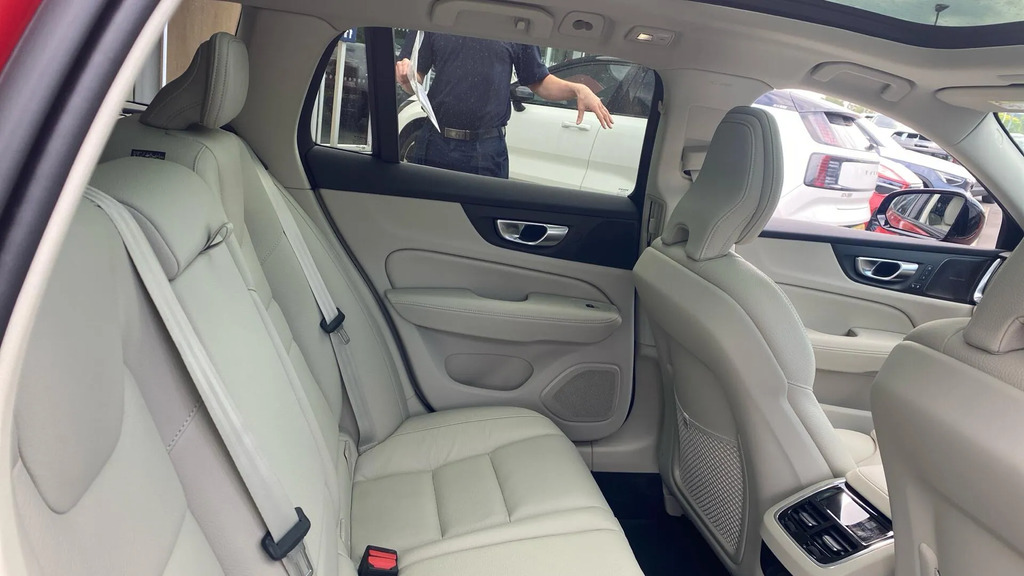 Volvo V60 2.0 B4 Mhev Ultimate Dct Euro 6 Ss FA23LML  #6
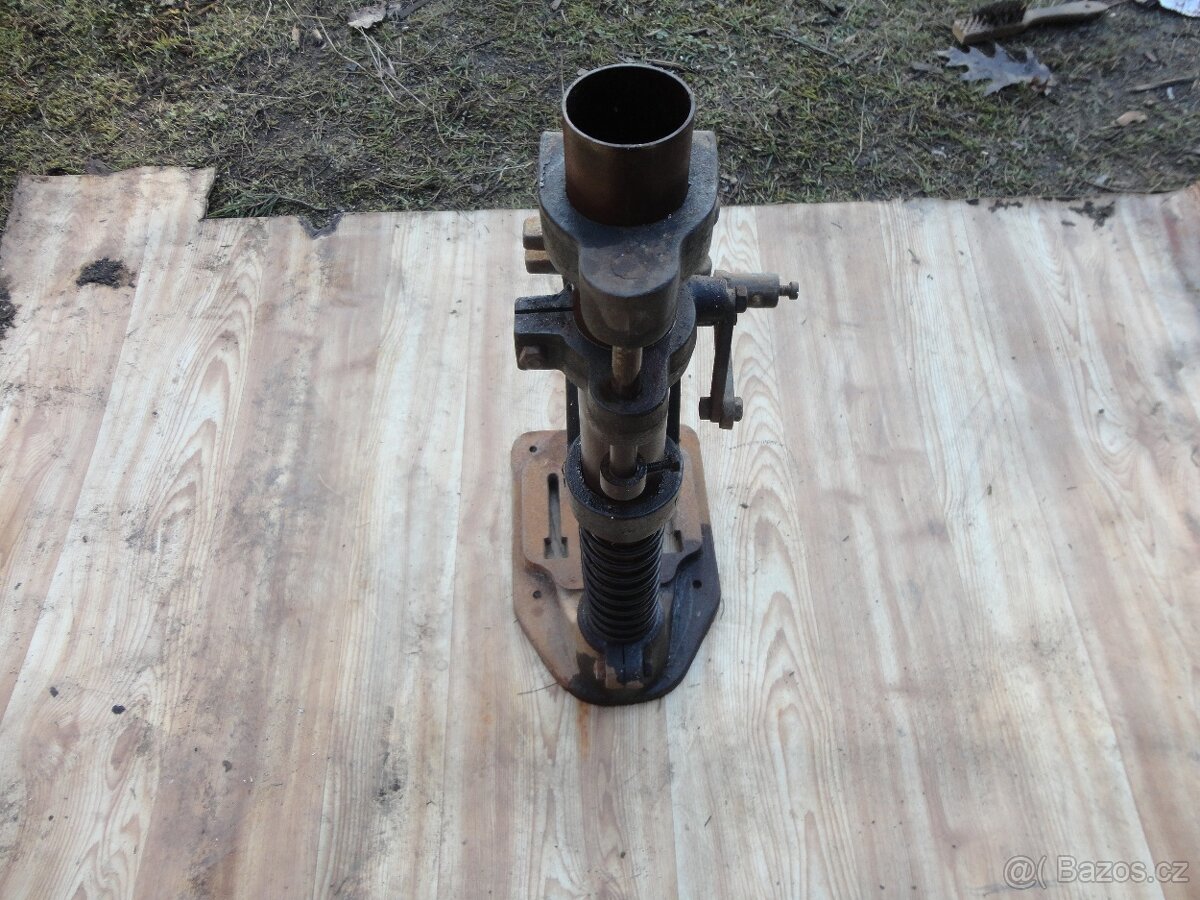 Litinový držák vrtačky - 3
...
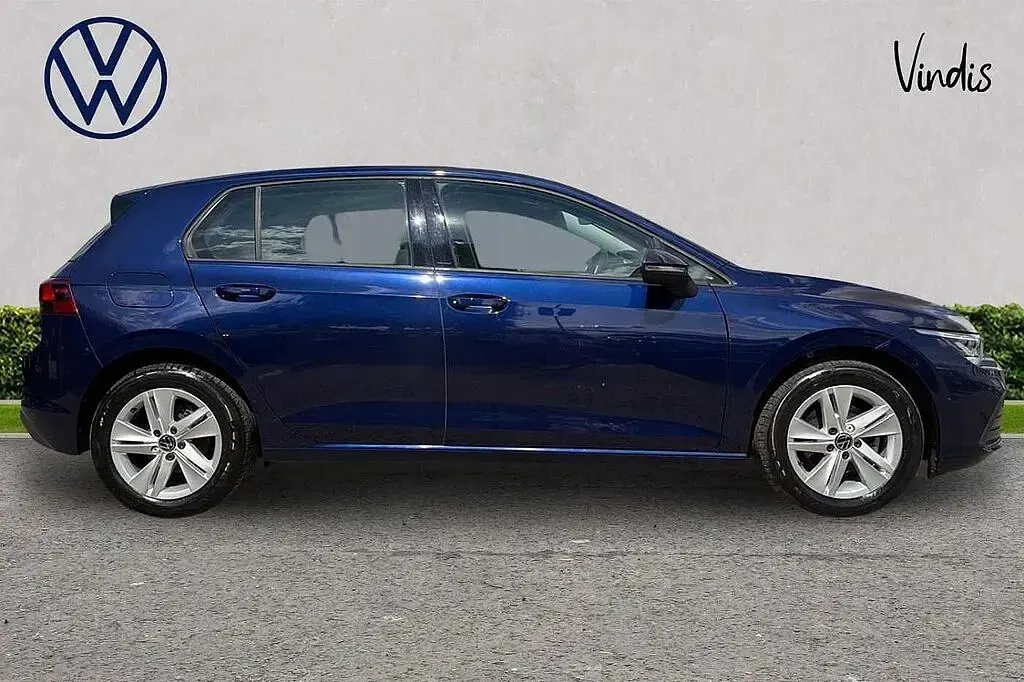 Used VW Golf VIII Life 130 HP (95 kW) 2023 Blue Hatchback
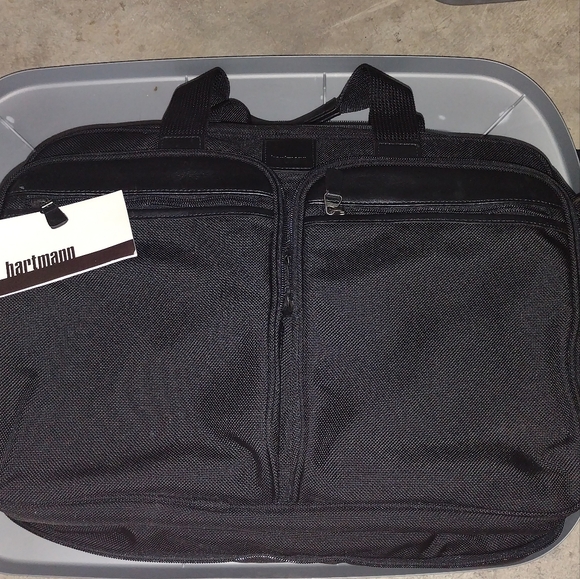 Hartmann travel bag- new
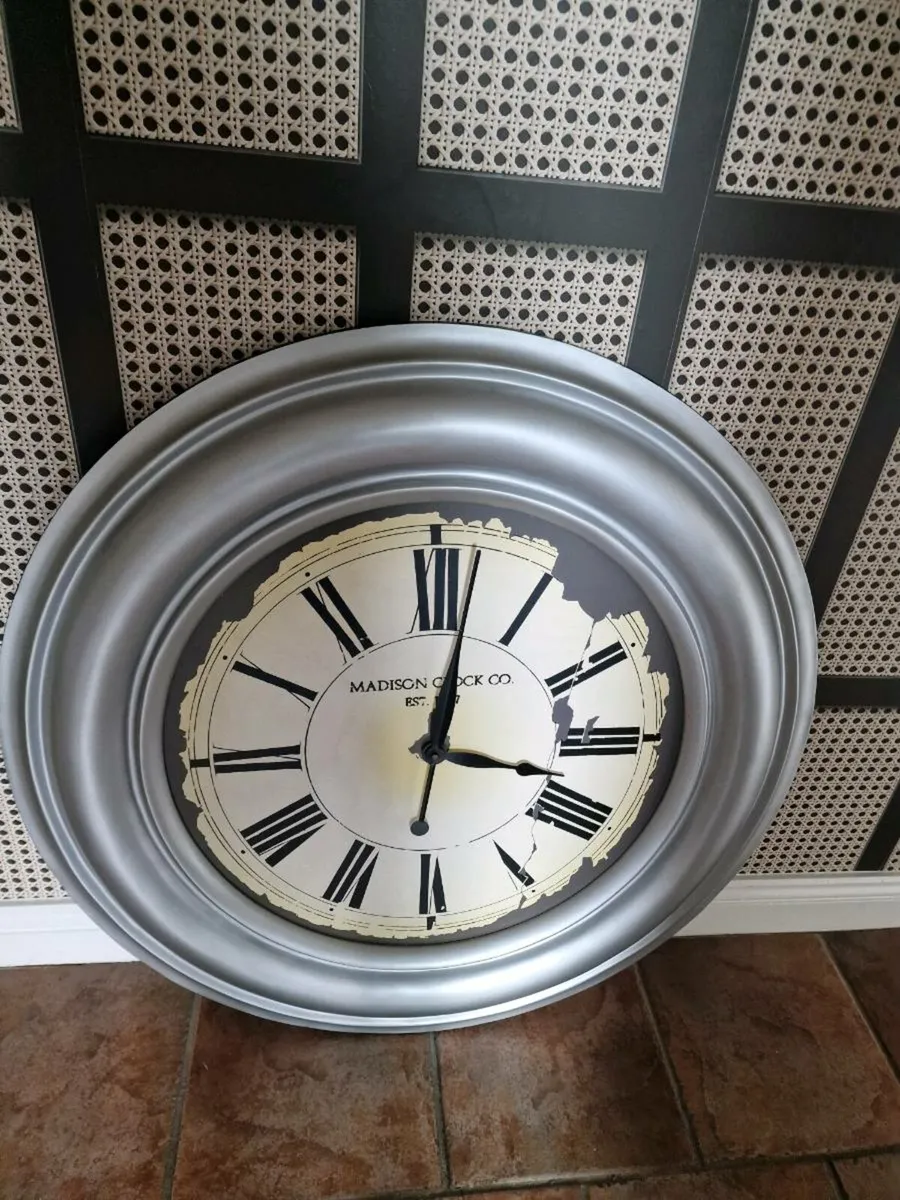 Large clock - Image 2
--
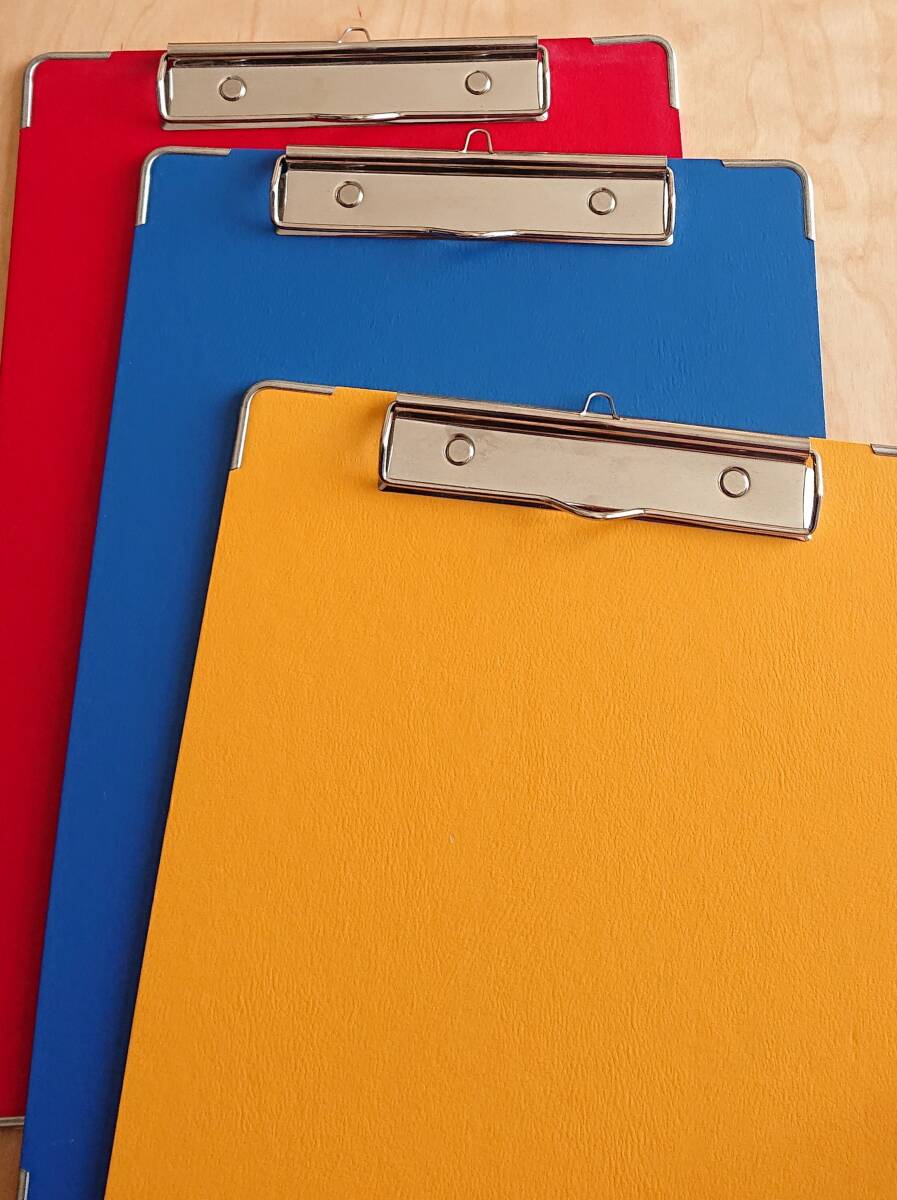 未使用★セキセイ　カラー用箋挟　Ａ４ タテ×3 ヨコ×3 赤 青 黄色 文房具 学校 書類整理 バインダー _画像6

_Work item_
Using the records above, return word for word the lines that begin at the one containing "Volvo V60 2.0" and end at the one containing "Litinový držák vrtačky - 3", both of them included and no pictures.

_Result_
 Volvo V60 2.0 B4 Mhev Ultimate Dct Euro 6 Ss FA23LML  #6
 Litinový držák vrtačky - 3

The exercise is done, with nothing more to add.